Glad you like the post 🙂
I find significant advantages in doing this sort of work in some kind of programming language as that makes it very easily reproducible (see some of my latest posts on reproducibility). Doing something through a GUI can be nice, but then when you want to go and do the same graph again but change the axis label (as a reviewer asked me to do on my latest paper) you have to remember exactly what buttons you clicked to do it – which is harder than it sounds! If you have written it as code then all you have to do is edit the code file and change the axis label string. Similarly, once you’ve written something through code you can easily run it multiple times for different datasets (as I did with my plot function in this post).
I happened to do this in R as it is one of my favourite languages for data processing, but the same thing could easily be done in Python, Matlab, IDL etc.

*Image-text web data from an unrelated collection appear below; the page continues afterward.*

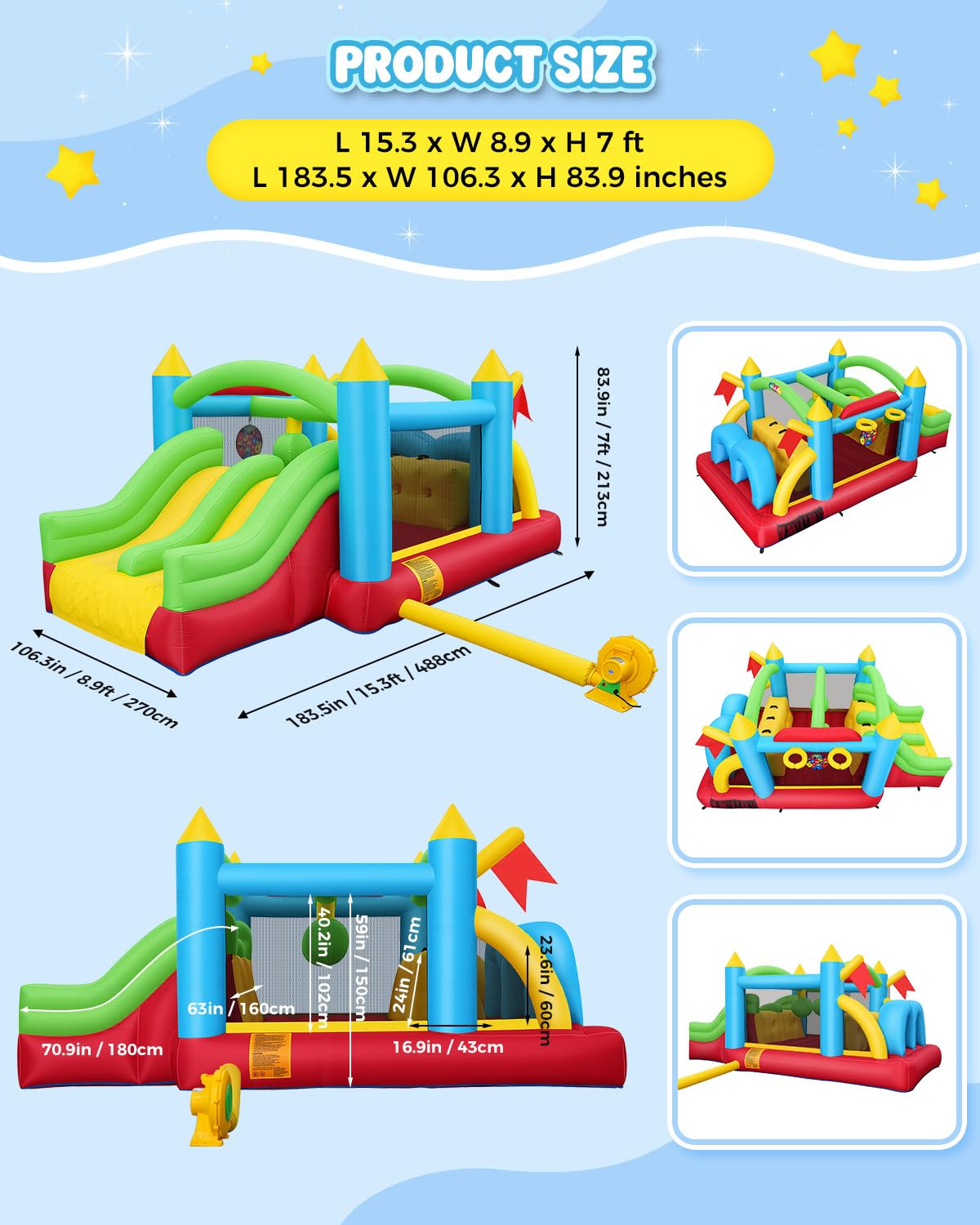 AKEYDIY Château gonflable pour enfants, parcours d’obstacles gonflable de 4,7 x 2,7 m avec zone de saut, doubles toboggans, tunnels, murs d’escalade, paniers de basket, cibles, château gonflable pour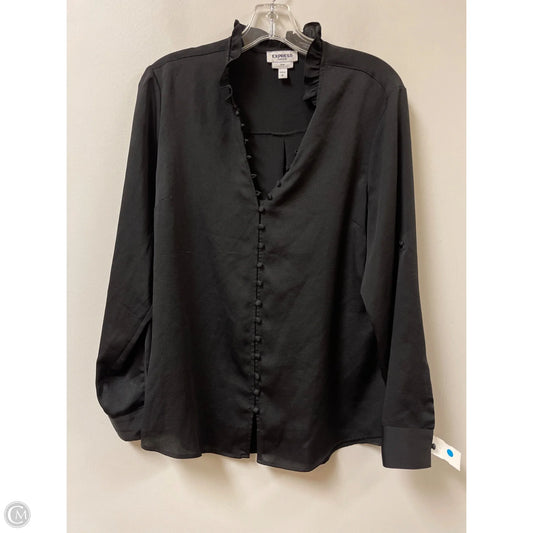 Blouse Long Sleeve By Express In Black, Size: L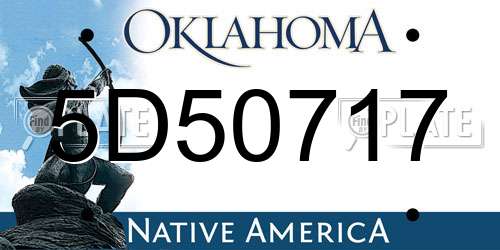 5D50717 Oklahoma License Plate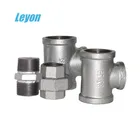 Female Gi Pipe Fitting Galvanized Malleable Iron Pipe Fittings Tee/bushing/plug/nipple/ Union 1/4" Female Npt 3 Way Equal Tee Connector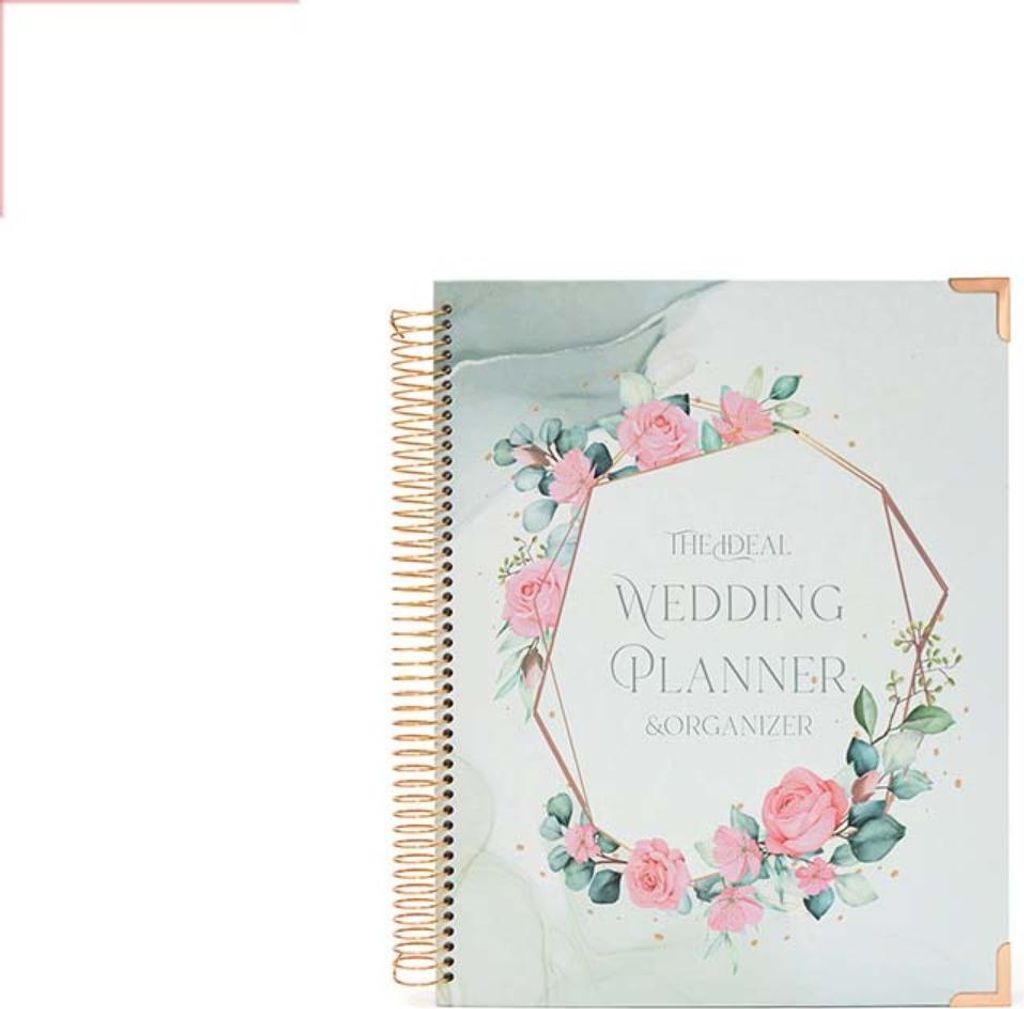INF Hochzeitsplaner Buch mit Blumenmuster - Spiralgebundenes Notizbuch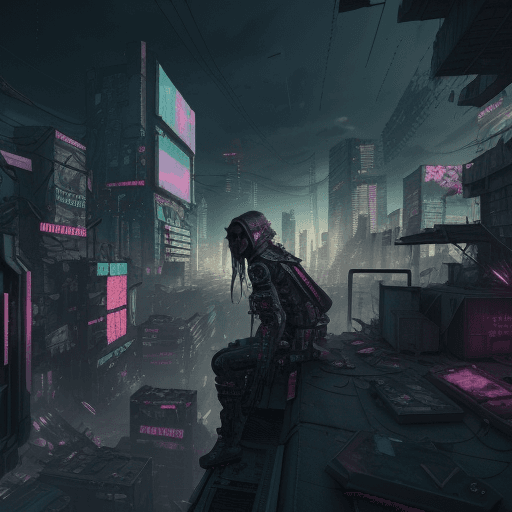 AI generated: someone takes drugs on a roof and in the background is a destroyed cyberpunk world,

I’m using R quite a lot at the moment as my work is becoming quite statistical (lots of time-series validation), but I have done lots of previous work in Python and IDL.
Thanks a lot for the reply! I will definitely consider R then: I read from you about reproducibility, and as a matter of fact, I had had reproducibility issues recently, so the time is right to change.
IDL is not a free solution right?
No, unfortunately IDL is not free – but your university/institution may have a copy. There is, in fact, a free ‘clone’ of IDL called GDL which is fairly feature-complete – see http://gnudatalanguage.sourceforge.net/.